Barbón, cada vez que intenta hacer política, nos da una novela histórica por entregas y, en el peor de los casos, un folletín sentimental. Tanta épica y tanto drama están matando la política
El presidente Barbón ha venido a instalarse en la rebelión, como la Junta Central, suprema, soberana y revolucionaria, frente al ejército invasor de Napoleón. No sabemos todavía qué rebelión es esa, pero ayer rescató a la soldadesca de antañazo, con toda la parafernalia, para el 25 de mayo, proclamado festivo y nacional, en Asturias, se entiende.
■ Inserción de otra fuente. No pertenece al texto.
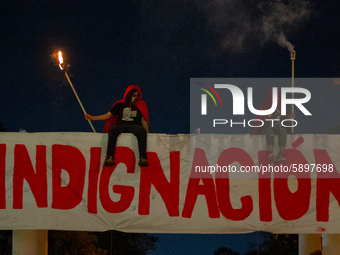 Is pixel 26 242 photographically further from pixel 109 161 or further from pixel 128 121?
pixel 128 121

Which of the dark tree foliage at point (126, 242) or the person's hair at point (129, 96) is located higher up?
the person's hair at point (129, 96)

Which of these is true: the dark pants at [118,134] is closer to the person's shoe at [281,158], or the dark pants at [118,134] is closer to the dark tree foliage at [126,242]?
the person's shoe at [281,158]

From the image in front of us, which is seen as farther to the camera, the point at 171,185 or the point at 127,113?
the point at 127,113

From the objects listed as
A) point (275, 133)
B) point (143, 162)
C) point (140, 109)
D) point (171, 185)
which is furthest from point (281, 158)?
point (140, 109)

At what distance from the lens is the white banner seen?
682cm

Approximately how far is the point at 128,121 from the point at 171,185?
4.88ft

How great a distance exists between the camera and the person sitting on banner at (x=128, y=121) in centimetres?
678

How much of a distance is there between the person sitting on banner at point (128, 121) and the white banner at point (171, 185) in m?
0.24

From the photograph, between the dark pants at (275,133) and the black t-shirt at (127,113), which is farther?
the black t-shirt at (127,113)

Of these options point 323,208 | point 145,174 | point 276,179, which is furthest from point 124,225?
point 323,208

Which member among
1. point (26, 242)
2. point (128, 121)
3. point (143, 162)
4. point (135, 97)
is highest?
point (135, 97)

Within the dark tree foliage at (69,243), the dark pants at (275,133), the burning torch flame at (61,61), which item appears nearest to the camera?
the dark pants at (275,133)

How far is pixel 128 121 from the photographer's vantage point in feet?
23.1

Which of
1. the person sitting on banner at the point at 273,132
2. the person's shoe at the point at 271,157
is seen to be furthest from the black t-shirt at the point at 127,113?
the person's shoe at the point at 271,157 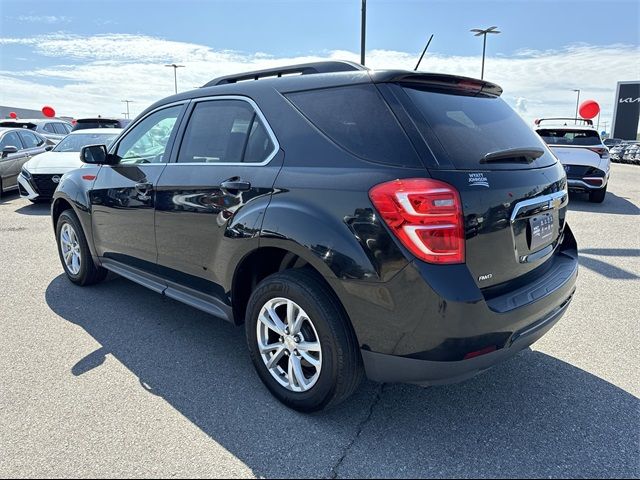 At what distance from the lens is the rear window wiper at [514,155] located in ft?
7.54

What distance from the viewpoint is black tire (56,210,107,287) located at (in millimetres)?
4406

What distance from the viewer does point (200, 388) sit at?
283cm

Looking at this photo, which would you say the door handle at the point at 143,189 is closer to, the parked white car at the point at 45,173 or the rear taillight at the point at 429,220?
the rear taillight at the point at 429,220

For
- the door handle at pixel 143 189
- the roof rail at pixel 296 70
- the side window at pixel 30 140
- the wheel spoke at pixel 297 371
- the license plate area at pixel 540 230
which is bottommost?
the wheel spoke at pixel 297 371

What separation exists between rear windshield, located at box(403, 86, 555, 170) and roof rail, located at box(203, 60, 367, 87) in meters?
0.47

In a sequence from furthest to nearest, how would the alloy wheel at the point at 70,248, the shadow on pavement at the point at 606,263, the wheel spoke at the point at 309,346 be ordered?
the shadow on pavement at the point at 606,263, the alloy wheel at the point at 70,248, the wheel spoke at the point at 309,346

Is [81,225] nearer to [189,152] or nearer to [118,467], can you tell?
[189,152]

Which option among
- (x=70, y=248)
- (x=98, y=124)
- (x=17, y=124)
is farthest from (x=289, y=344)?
(x=17, y=124)

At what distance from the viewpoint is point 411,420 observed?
99.2 inches

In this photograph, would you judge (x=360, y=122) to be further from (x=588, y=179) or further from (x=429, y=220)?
(x=588, y=179)

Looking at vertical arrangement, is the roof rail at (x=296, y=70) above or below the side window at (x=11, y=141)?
above

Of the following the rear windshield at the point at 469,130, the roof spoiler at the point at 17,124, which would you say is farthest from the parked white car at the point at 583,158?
the roof spoiler at the point at 17,124

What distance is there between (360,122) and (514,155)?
83 cm

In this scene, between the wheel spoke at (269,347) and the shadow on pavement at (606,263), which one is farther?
the shadow on pavement at (606,263)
Vivimos un 25 de mayo con la flor del manzano abierta y con sus pétalos manchados con la sangre de los caídos, en una primavera dudosa y feraz asomándose a los balcones galdosianos.
En la España pandémica y cantonal, el tiempo siempre se abre para dejarnos un hueco y proclamar nuestras pequeñas revoluciones, aunque la del 25 de mayo consista, mayormente, en declarar la soberanía de la nación y volver a matar a Napoleón Bonaparte. El mayor problema que le veo yo a toda este romance de lobos es que Asturias fue siempre afrancesada, primero, isabelina después, con Jovellanos, Caveda, Feijoo y todo ese rollamen, asimilando los códigos civiles y toda la literatura, bastante aburrida, por cierto, de la Ilustración, a excepción de Mirabau o el Marqués de Sade. 1808 fue el año en que pudimos ser franceses y terminanos bajo las suelas de Fernando VII. Ya saben, primero gritamos viva la Pepa y después vivan las cadenas.
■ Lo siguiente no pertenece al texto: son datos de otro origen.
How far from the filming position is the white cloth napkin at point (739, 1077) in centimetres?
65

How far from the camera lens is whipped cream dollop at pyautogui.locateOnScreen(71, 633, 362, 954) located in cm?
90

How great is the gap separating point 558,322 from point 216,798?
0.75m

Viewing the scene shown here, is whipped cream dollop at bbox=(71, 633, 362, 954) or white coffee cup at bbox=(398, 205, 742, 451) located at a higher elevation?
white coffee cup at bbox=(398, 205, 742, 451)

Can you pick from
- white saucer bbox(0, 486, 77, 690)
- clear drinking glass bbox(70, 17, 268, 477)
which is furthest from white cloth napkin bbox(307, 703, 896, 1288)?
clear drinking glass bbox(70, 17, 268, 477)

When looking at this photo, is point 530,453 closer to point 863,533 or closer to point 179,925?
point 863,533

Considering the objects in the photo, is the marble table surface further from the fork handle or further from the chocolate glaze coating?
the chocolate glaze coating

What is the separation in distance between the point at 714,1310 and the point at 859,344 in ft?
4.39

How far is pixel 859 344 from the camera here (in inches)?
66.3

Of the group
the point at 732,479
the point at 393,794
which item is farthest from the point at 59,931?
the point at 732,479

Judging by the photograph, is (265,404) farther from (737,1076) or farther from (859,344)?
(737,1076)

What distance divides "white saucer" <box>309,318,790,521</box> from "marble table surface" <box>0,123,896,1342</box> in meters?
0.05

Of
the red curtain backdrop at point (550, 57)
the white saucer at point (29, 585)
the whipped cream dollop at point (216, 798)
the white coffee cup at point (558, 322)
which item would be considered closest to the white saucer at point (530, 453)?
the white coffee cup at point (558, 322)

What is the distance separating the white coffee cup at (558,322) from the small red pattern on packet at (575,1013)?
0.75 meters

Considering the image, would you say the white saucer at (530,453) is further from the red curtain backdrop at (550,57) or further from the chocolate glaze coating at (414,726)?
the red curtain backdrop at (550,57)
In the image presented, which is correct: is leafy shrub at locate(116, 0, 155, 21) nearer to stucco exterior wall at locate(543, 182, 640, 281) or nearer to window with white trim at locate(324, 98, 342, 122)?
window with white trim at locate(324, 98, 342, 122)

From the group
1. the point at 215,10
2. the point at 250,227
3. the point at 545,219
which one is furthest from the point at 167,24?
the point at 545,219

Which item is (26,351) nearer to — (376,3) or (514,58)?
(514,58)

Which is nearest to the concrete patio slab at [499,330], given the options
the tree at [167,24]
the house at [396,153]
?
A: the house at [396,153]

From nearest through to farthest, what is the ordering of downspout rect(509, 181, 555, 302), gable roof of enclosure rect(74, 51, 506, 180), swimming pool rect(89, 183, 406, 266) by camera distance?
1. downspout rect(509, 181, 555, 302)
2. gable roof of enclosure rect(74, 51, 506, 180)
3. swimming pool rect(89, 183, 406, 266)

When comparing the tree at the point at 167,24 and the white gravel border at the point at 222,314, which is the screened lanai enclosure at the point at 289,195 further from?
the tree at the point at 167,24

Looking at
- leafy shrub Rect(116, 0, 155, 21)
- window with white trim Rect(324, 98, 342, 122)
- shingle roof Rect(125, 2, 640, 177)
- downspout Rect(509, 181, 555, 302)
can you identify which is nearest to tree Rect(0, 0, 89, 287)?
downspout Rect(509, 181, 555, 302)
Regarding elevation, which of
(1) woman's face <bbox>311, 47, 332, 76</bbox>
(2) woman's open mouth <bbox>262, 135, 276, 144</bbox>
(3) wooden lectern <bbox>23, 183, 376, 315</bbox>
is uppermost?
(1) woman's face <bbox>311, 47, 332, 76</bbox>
Cuenta Barbón, solemne y un poco histrión, que el 25 de mayo es un acto que eleva nuestra autoestima, invocando, como se hace siempre en estas ocasiones tan artificiales y barrocas, toda la mitología de sangre y pueblo que nos caracteriza. Y digo barroca en el sentido de hueca, absurda, estupefaciente, impostada. Barbón, cada vez que intenta hacer política, nos da una novela histórica por entregas y, en el peor de los casos, un folletín sentimental. Tanta épica y tanto drama están matando la política.
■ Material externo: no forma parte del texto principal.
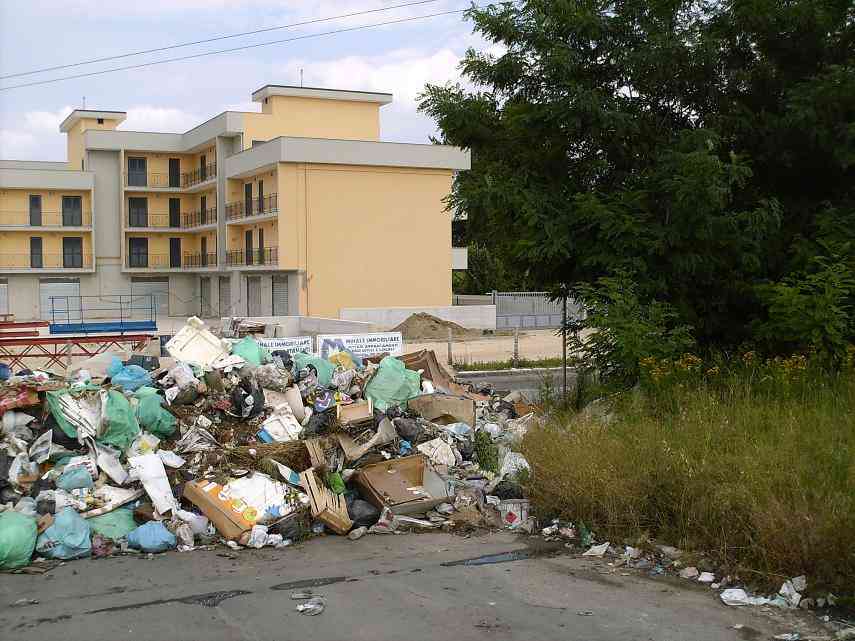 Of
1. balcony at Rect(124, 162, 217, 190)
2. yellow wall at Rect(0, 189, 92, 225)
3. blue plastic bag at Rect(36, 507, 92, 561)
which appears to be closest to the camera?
blue plastic bag at Rect(36, 507, 92, 561)

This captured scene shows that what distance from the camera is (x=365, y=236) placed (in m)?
48.0

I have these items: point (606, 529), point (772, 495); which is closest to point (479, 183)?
point (606, 529)

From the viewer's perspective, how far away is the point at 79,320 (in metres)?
58.3

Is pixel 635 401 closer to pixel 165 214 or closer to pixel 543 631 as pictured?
pixel 543 631

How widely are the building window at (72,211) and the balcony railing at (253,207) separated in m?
13.2

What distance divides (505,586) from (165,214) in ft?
193

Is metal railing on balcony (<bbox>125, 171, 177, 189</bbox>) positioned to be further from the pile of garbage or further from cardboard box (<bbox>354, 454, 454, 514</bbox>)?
cardboard box (<bbox>354, 454, 454, 514</bbox>)

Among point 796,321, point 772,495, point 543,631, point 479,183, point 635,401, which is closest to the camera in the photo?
point 543,631

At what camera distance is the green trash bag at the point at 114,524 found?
8.09 m

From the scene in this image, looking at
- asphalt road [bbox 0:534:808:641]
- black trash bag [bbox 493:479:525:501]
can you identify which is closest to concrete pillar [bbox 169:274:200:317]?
black trash bag [bbox 493:479:525:501]

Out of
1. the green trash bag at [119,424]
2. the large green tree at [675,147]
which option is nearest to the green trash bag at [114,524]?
the green trash bag at [119,424]

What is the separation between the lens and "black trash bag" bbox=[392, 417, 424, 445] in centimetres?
1026

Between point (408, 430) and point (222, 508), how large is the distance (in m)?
2.61

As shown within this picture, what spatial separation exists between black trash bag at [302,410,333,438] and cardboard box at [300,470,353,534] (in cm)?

No acabo yo de verle sentido a la celebración de una bandera, primero porque todos tenemos una, y casi todas manchadas de mierda o de sangre, o de las dos en el mismo paño. Escribo sobre el 25 de mayo, con un día de retraso, y caigo en la cuenta de que todos los días, en este país, desde entonces, son un 25 de mayo, en el que siempre hay un obrero que lamenta haber entregado su soberanía a un empresario o un fascista que reclama la suya frente a Pedro Sánchez, Marruecos, un catalán o un vasco. Un coñazo, vaya. Con la sombra de los bandoleros a nuestra espalda, Barbón celebra el día de la bandera, como los americanos festejan su 4 de julio, y brinda por la rebelión al Rey Sol, que era Borbón, aunque hay una pléyade de historiadores que han restaurado la figura de José Bonaparte quien, parece ser, intentó gobernar con el código civil en una mano y los principios de la Revolución Francesa en la otra. Aunque trató de destruir los cimientos del Antiguo Régimen, el pueblo, entonces, como ayer, siguió a lo suyo, resignado o indiferente. Ay.